**Work instruction**
Repeat the lines of the data exactly, from the first one through the one that contains "Switch Guard Inter-Axle".

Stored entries
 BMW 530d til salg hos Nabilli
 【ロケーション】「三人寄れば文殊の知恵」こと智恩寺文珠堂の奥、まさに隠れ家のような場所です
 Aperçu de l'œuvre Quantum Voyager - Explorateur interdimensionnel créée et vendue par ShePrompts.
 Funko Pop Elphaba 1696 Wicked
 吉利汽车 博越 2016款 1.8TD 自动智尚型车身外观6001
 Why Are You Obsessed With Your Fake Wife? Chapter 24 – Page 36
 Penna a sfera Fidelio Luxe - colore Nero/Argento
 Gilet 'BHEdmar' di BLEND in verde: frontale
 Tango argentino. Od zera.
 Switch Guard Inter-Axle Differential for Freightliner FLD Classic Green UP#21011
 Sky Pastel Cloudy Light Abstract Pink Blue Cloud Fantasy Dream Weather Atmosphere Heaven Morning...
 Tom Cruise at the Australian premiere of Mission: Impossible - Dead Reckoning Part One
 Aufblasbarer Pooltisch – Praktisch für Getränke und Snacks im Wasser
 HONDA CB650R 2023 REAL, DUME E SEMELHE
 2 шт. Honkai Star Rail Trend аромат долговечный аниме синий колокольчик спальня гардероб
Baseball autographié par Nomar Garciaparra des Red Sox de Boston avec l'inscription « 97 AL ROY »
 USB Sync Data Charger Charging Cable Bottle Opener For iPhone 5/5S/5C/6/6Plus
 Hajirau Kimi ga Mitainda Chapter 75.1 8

**Solution for this task**
 BMW 530d til salg hos Nabilli
 【ロケーション】「三人寄れば文殊の知恵」こと智恩寺文珠堂の奥、まさに隠れ家のような場所です
 Aperçu de l'œuvre Quantum Voyager - Explorateur interdimensionnel créée et vendue par ShePrompts.
 Funko Pop Elphaba 1696 Wicked
 吉利汽车 博越 2016款 1.8TD 自动智尚型车身外观6001
 Why Are You Obsessed With Your Fake Wife? Chapter 24 – Page 36
 Penna a sfera Fidelio Luxe - colore Nero/Argento
 Gilet 'BHEdmar' di BLEND in verde: frontale
 Tango argentino. Od zera.
 Switch Guard Inter-Axle Differential for Freightliner FLD Classic Green UP#21011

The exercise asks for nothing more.